All that for a second-place finish, with just 22.5 percent of the vote—less than a quarter. Rubio may not win many, or even any, convention delegates for his showing here, and critics—such as the other candidates—will continue to point out that he still hasn’t won a single state. But Rubio has clearly recovered from his New Hampshire setback and begun to acquire some momentum among the majority of the Republican party that isn’t voting for Trump.

“Rubio will be the nominee,” Milton Moore, an older man with a syrupy accent, told me confidently. “When you drop the others out, that brings him up. He’ll face off with Trump, and then people will understand that he’s more stable, diplomatic, charismatic individual.” Moore, who described his profession as “a rich M-F,” was a fundraiser for George W. Bush, and his wife Jean was a state office manager for the 43rd president. But they said they never felt inspired by Jeb Bush, who dropped out of the race on Saturday after coming in fourth.

Rubio ended up finishing less than a percentage point ahead of Ted Cruz, whose third-place finish will be seen as a devastating blow. He faced a presumably friendly electorate in South Carolina, a state heavy with conservative and religious voters. But he couldn’t translate his support from the hard-core activists in both the conservative and evangelical ranks to the votes of the broader universe of casual conservatives and churchgoers. That raises major doubts going forward for his campaign, which has laid extensive groundwork in the many Southern states that will vote on March 1.

The candidates now head to Nevada, a state whose Tuesday caucuses are traditionally a low-turnout and highly unpredictable affair. Mitt Romney won them in 2008 and 2012 through vigorous grassroots organizing, particularly in the state’s Mormon community. Rubio, who was briefly Mormon as a child, has tried to activate that network, while Cruz is also active in the state. But Nevada is a state where momentum counts. In 2012, coming off his win in South Carolina, Newt Gingrich came in second in Nevada despite having essentially no operation in the state. And what polling there is in Nevada has shown Trump with a big lead.

Much speculation in the coming days will focus on where Bush’s former supporters go. “I think they will probably go for Rubio—he’s the most similar,” Rhonda Cortes, a 54-year-old retired accountant, told me. She had actually voted for Bush, out of a sense of obligation, but decided to spend the evening at Rubio’s party rather than Bush’s funereal final event. Rubio, she said, was “someone who’s not too far out there, like Cruz and Trump.”

Cortes admitted she was baffled by Trump’s victory in her state. “I know one person who voted for him, that’s it,” she said. “The beauty parlor, the grocery store—where are all these people?
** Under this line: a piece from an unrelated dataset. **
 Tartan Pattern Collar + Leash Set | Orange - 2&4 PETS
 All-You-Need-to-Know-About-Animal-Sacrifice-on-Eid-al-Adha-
He feeds on people’s paranoia. I think it’s sad.”

That Trump has now won two of the three states to vote, and appears to have an edge in the states to come, has some declaring him the odds-on favorite for the nomination. On the other hand, he has yet to show he can get more than about a third of the Republican vote—he got 35 percent in New Hampshire—suggesting he could be defeated if the other two-thirds of Republicans weren’t so fractured.

The problem Rubio faces going forward is Cruz, and the problem Cruz faces is Rubio. (There’s also the issue of Ben Carson, who announced he would stay in the race despite coming in last, and John Kasich, who has vowed to stay in until Ohio votes in a few weeks.) That is likely to intensify the bickering between the two Cuban-American Tea Party senators. If they keep at it long enough, Trump could indeed, as he implored his supporters here, “put it away.”